Market Scarcity & Rarity
High ImpactTop‑quality Manet oils that are large, well‑provenanced and fresh to the market are very rare. Scarcity of comparable museum‑quality works concentrates demand among institutions and private collectors and amplifies competitive bidding when such works appear. Le Printemps’s uniqueness as a museum‑grade late portrait that had not been widely available for decades was a decisive factor in its 2014 record result; that scarcity remains a dominant upward pressure on valuation should the work ever be marketed again.

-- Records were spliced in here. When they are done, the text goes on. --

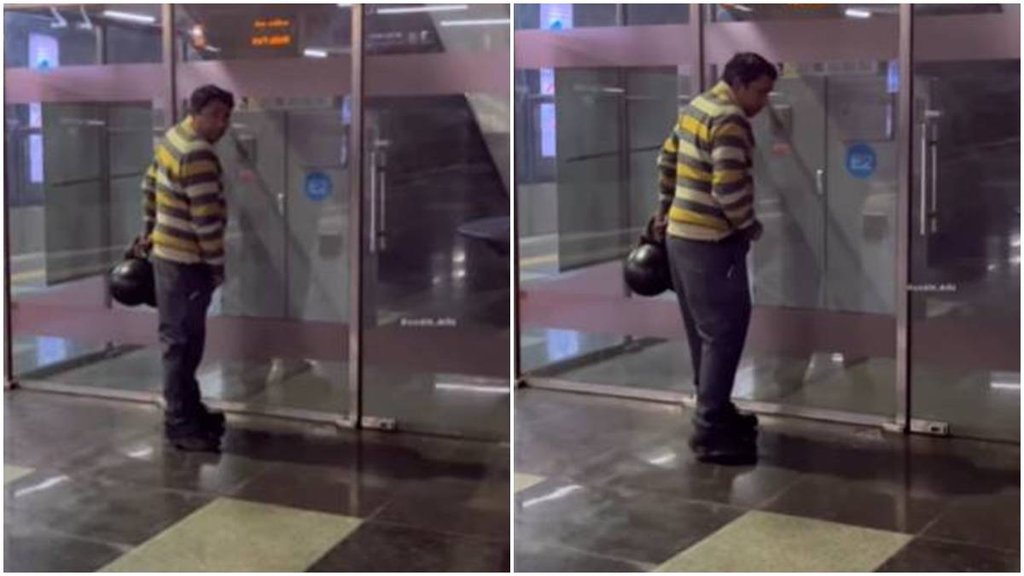 Delhi Metro, Viral video, Viral News, Trending News, Man Toilet in Delhi Metro,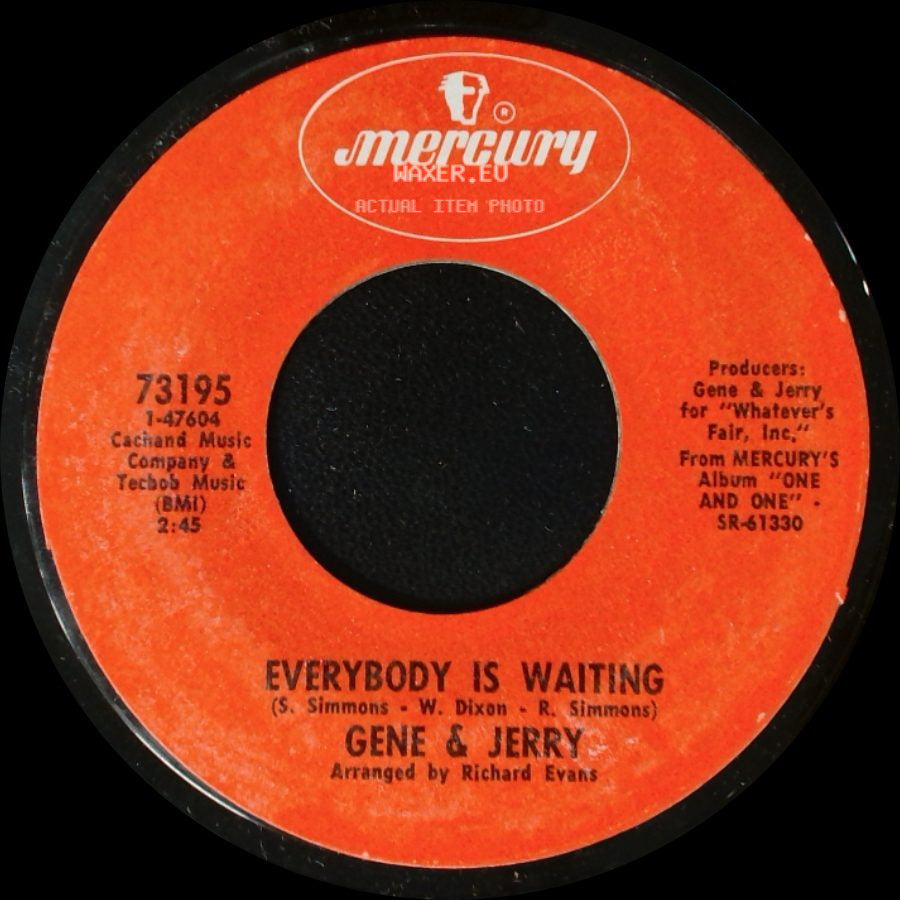 Gene & Jerry - Ten And Two (Take This Woman Off The Corner) / Everybody Is Waiting side B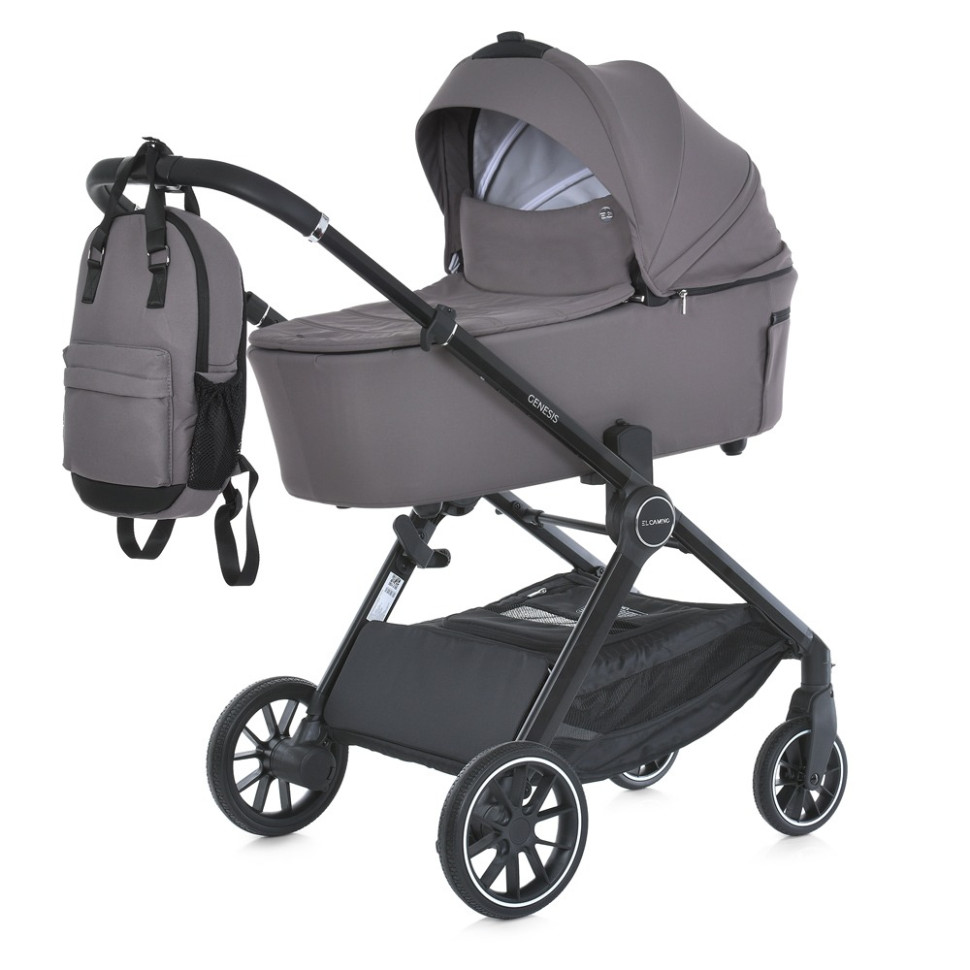 Коляска дитяча універсальна 2 в 1 GENESIS ME 1126 Taupe Gray - гурт(опт), дропшиппінг 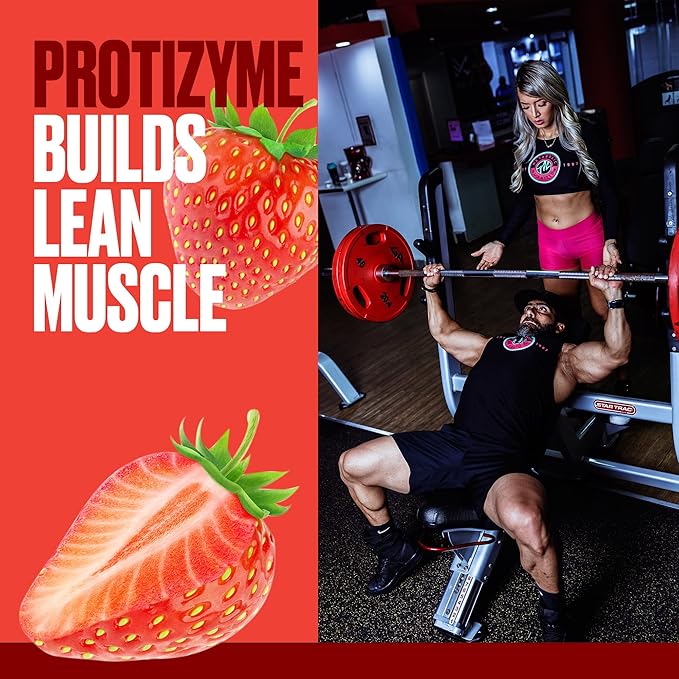 Metabolic Nutrition Protizyme 100% Whey Protein Powder High Protein Low Carb Low Fat Whey Protein Digestive Enzymes 24 Essential Vitamins and Minerals 4 Pound (52 ser)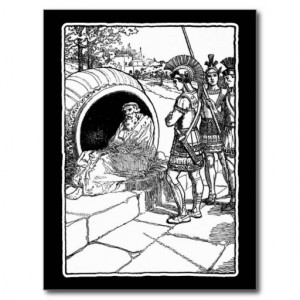 Diogenes of Sinope Postcard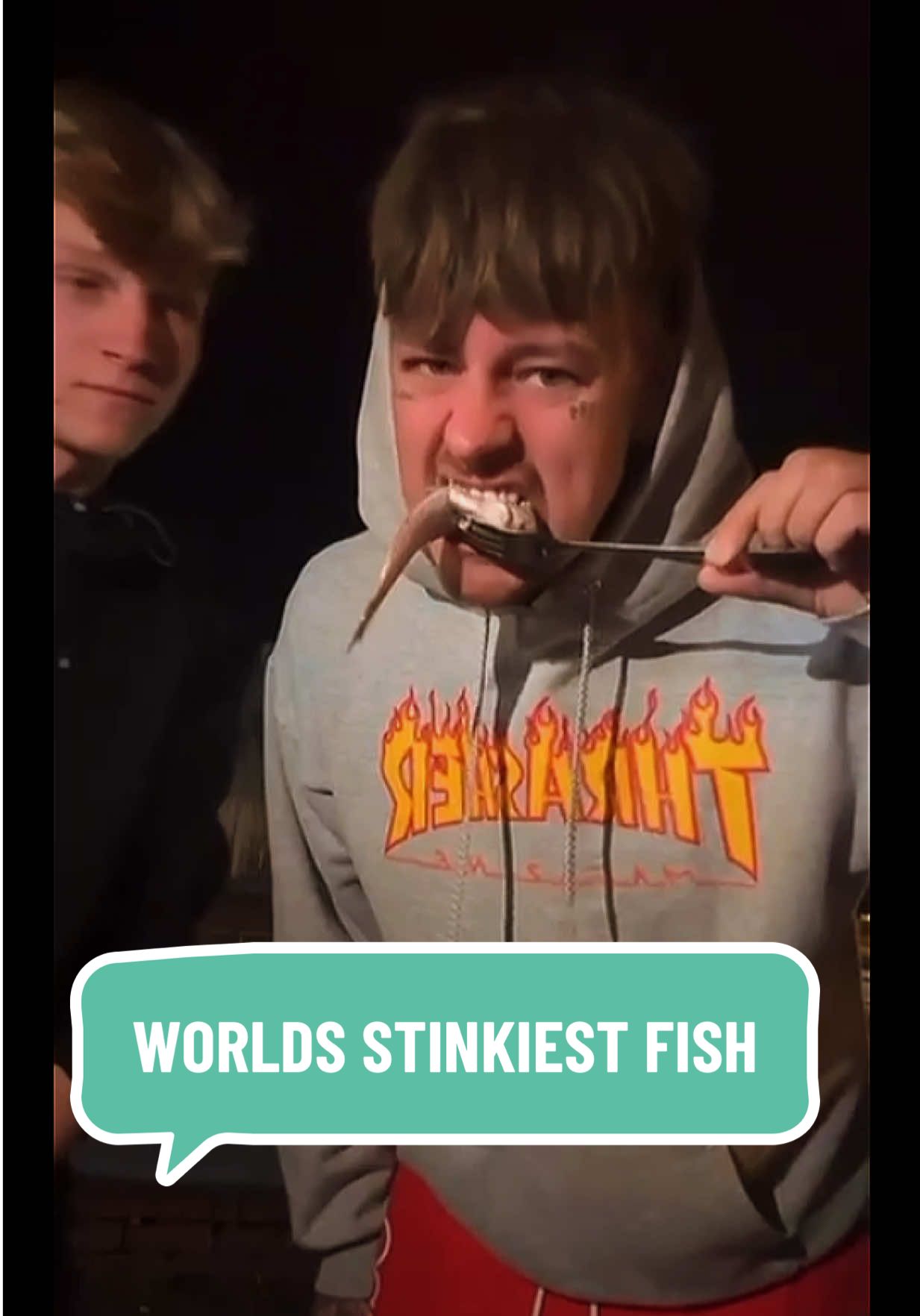 me & the boy @jakefine04 decided to try the worst smelling fish in the world it’s actually the worst thing I’ve tried hands down #surströmming #surstrommingchallenge #viral #fyp #surstromming 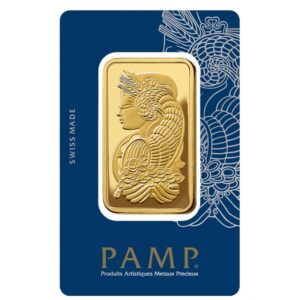PAMP Fortuna 100 Gram .9999 Fine Gold Bar  (In Assay)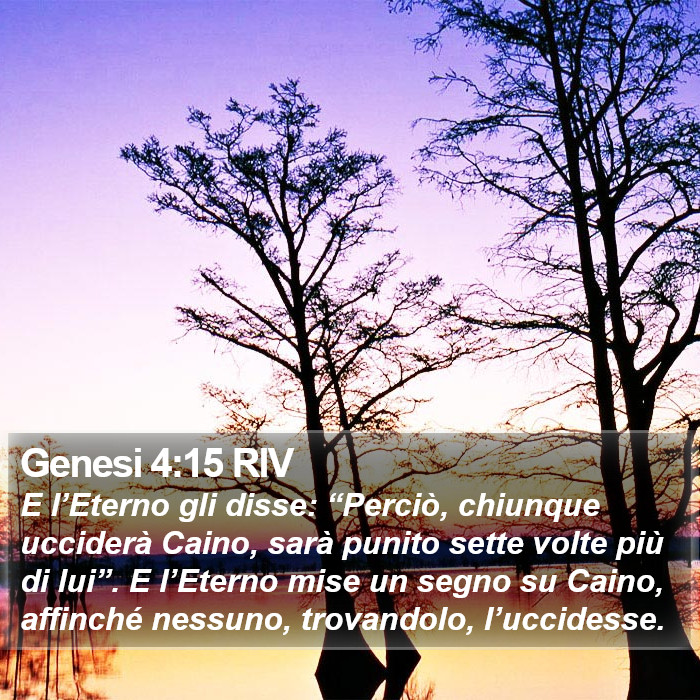 Genesi 4:15 RIV Bible Study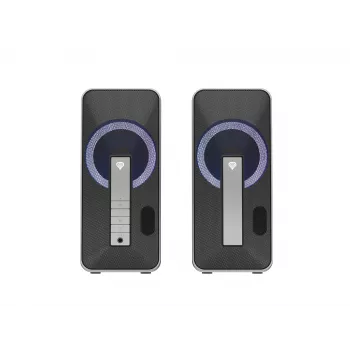 GENESIS Helium 100 BT RGB kaiutinsarja 10 W PC/kannettava musta, hopea 2.0-kanavaa Bluetooth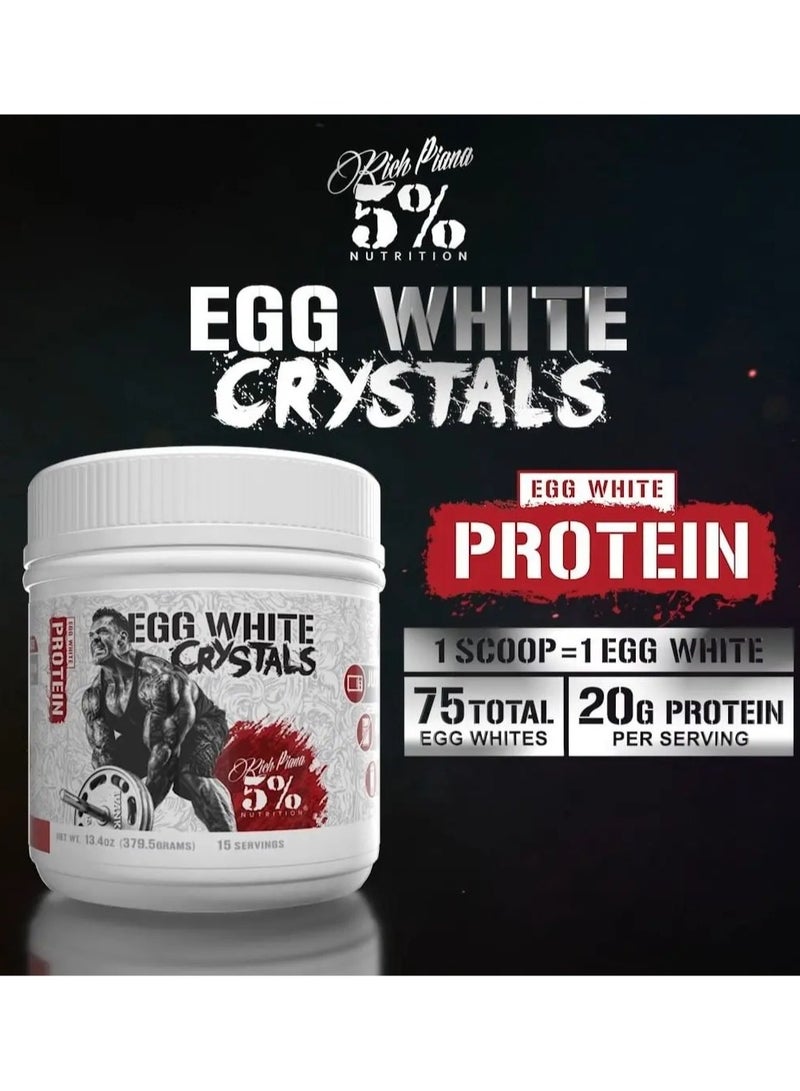 5% Nutrition Egg White Crystals Protein 379g Unflavored 15 Serving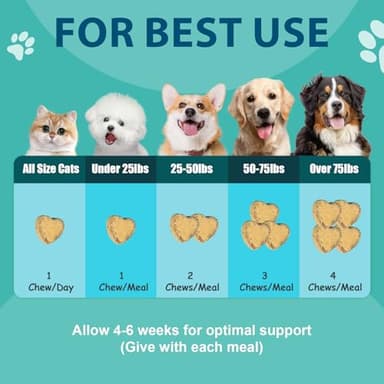 ORAVELi Probiotics for Dogs - Dog Probiotics with Prebiotics & Digestive Enzymes, Support Cut Health, Digestive Health & Immune System, Diarrhea & Allergy Itch Relief, 180 Soft Chews - Image 5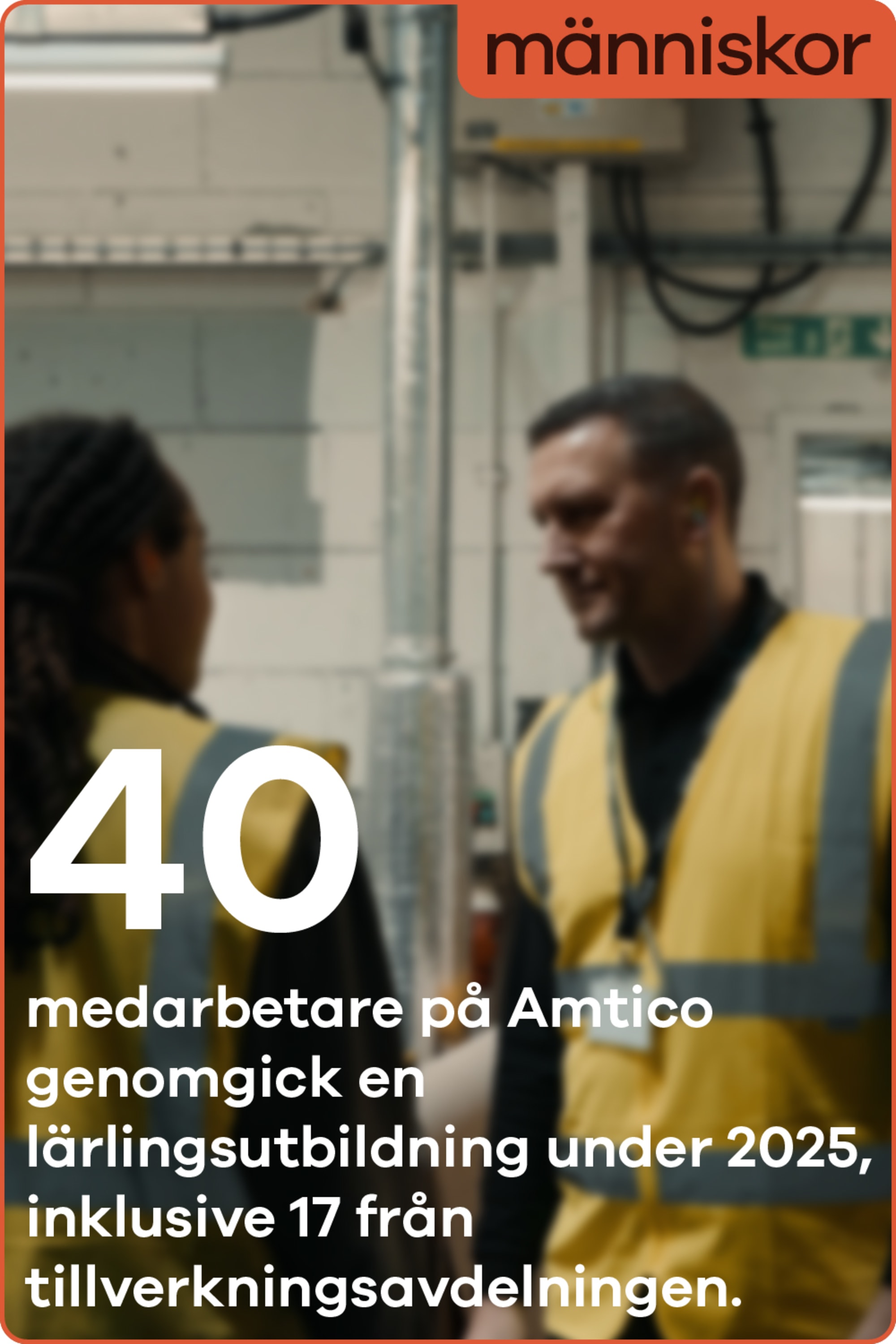 40 medarbetare på Amtico genomgick en lärlingsutbildning under 2025, inklusive 17 från tillverkningsavdelningen.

Supply/Demand and Market Momentum
Medium ImpactThe wider Impressionist/Modern market has experienced cycles: a contraction in 2023–24 followed by selective recovery in late‑2025. Buyer appetite for blue‑chip trophies is resilient but cautious; houses increasingly use guarantees and private‑treaty placements to manage risk. Market momentum can therefore create effective upside (competitive bidding/guarantees) or cap outcomes (reduced appetite in weak cycles). Timing, marketing with scholarly context, and guarantee availability will materially influence the likely result within the $85–120M band.
Sale History
Christie's, New York
Édouard Manet's Market
Édouard Manet is a blue‑chip, canonical 19th‑century modernist whose best oils command the highest prices in the Impressionist/Modern category. Market outcomes are highly stratified: a handful of museum‑quality portraits and major salon works (like Le Printemps) sit at the trophy level and can reach tens of millions, while more frequent, smaller or less‑important canvases trade in the low‑ to mid‑seven figures. The scarcity of top Manet canvases and strong institutional demand sustain a high ceiling; provenance, condition and exhibition history remain decisive for accessing that ceiling.
Comparable Sales
Le Printemps (Spring / Jeanne Demarsy)
Édouard Manet
Primary market benchmark — same work. Museum-quality late Manet salon portrait that set the artist auction record in 2014 after long private ownership/loan.
$65.1M
2014, Christie's, New York
~$88.9M adjusted
Self-Portrait with Palette (Autoportrait à la palette)
Édouard Manet
Major late-period Manet portrait; was the auction record for the artist prior to Le Printemps and is a useful upper-tier portrait comparable (museum quality).
$33.2M
2010, Sotheby's, London
~$49.1M adjusted
Vase de fleurs, roses et lilas
Édouard Manet
Recent sale (2024) of a museum-quality Manet oil in New York; indicates mid-market interest for high-quality Manet oils (~$10M) though different subject and scale than Le Printemps.
$10.1M
2024, Sotheby's, New York
~$10.3M adjusted
Portrait of Ambroise Adam (in the garden of Pressagny)
Édouard Manet
Small plein-air portrait sold in Paris (2025) at a low seven-figure level; useful as a lower-end portrait comparable showing the breadth of market outcomes for Manet portraits.
$1.0M
2025, Christie's, Paris
Current Market Trends
Since 2023 the Impressionist/Modern market softened, with buyers more selective and fewer trophy consignments. Late‑2025 showed signs of renewed appetite for blue‑chip works, favoring high‑quality, well‑provenanced paintings and prompting more guarantees/private placements for top lots. Overall the market favors a ‘flight to quality’—museum‑grade works outperform middling material, but cyclical risk and a limited buyer pool constrain upside without exceptional sale conditions.